Na życzenie małego fana (1)

W czasach licealnych udało mi się nagrać film z Michaelem Jacksonem. Tytułu nie pomnę, ale film był sympatyczny i, co najważniejsze, z dużą dawką twórczości wspomnianego artysty. Jestem wielbicielką jego twórczości, aczkolwiek nigdy nie byłam fanką, co to sprzeda duszę diabłu, aby móc na koncercie rwać włosy z głowy dla swego idola. Piosenek chętnie posłucham, klipy chętnie pooglądam, ale żeby mdleć na jego widok, to raczej nie w moim stylu. Nie mniej jednak film onegdaj nagrałam, a gdy Bartek wypruciał go z otchłani zapomnienia, chętnie obejrzałam go ponownie. I potem drugi raz. I trzeci. I kolejny raz. I już dalej nie pamiętam, który to był raz. O ile przy pierwszej powtórce jeszcze z ciekawością i sentymentem zerkałam na ekran, o tyle do kolejnych razów byłam już niemal zmuszona, bowiem Bartek (dla przypomnienia: lat 7 i pół) właśnie odkrył w sobie miłość do twórczości Michaela Jacksona i koniecznie usiłował mi ją opisać. Przy -nastym razie każdy by wymiękł. Nie mniej jednak miłość do Jacksona zaczęła rozkwitać w duszy młodego fana niczym kwiecie ciepłą wiosną.

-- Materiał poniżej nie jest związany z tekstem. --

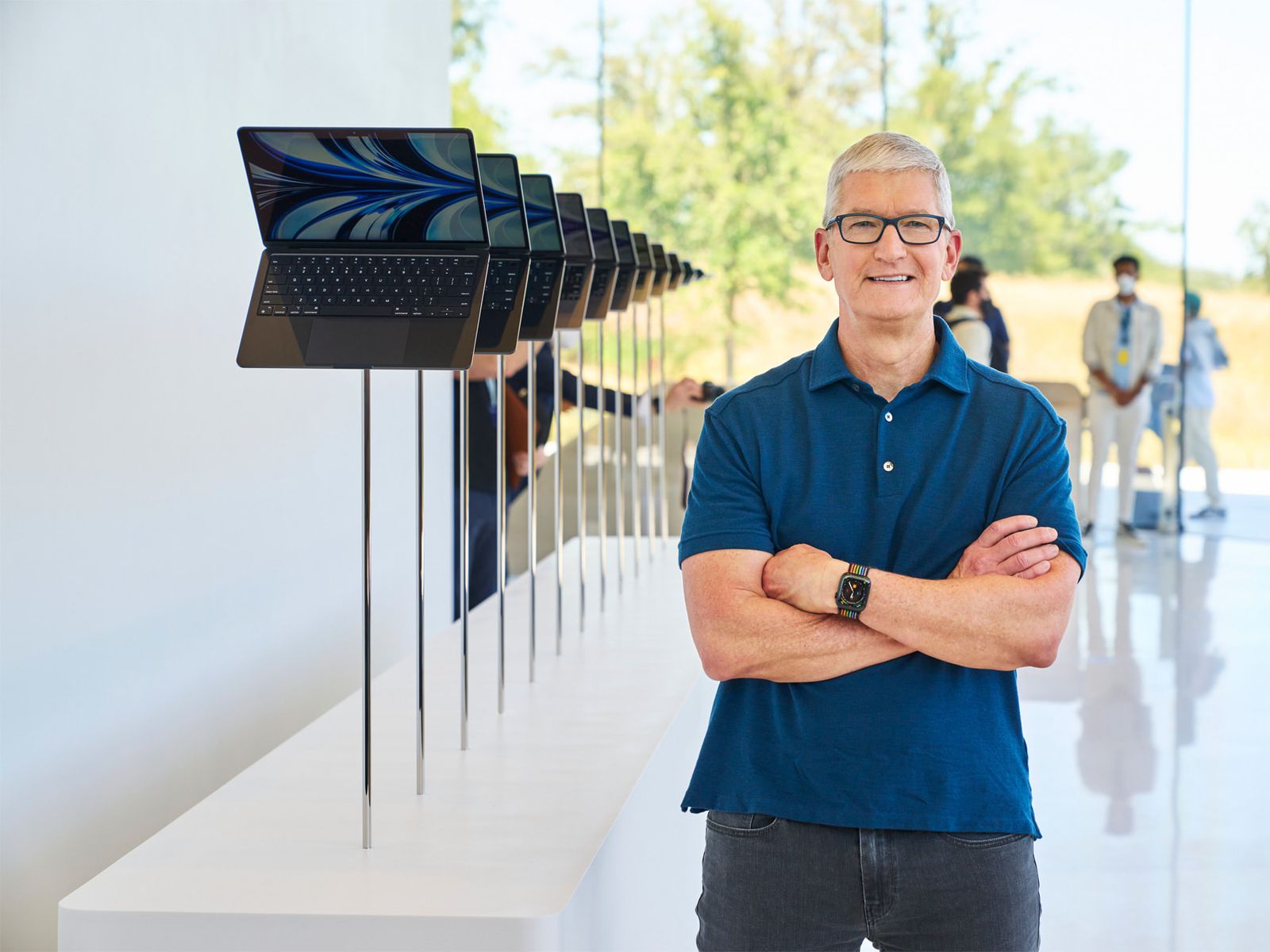 Тим Кук ожидает, что выручка Apple вырастет в следующем квартале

Jakiś czas temu opowiedziałam Bartkowi, jak synek Madziorka nazwał Michaela Jacksona, gdy zobaczył jego sylwetkę wyłaniającą się z krzyżykowego chaosu. Pomroczność jakaś musiała mnie ogarnąć, gdy opowiadałam tę historyjkę, albowiem dziecię moje natychmiast podchwyciło ideę i jęczało, póki nie obiecałam wyszyć mu facjaty ulubionego artysty. Jest już tyle:Na razie przewiduję wykonanie okładki na zeszyt z wykorzystaniem haftu, ale czas pokaże, co rzeczywiście z tego wyjdzie. Biorąc pod uwagę, że tempo wyszywania spadło u mnie dość mocno (zakładka dla Eli - półtora miesiąca!), to do 18 kwietnia powinnam wyrobić się (urodziny Bartka).
--------------------------------------------------
Nazbierało mi się sporo zaległości w odpowiedziach na wasze komentarze. Ponieważ jest tego dość dużo, odpowiedzi podzieliłam na kategorie, w których komentarze były zamieszczane. Zanim jednak przystąpię do odpisywania, chciałabym najpierw serdecznie podziękować Wam za wszystkie życzenia świąteczno-noworoczne :-)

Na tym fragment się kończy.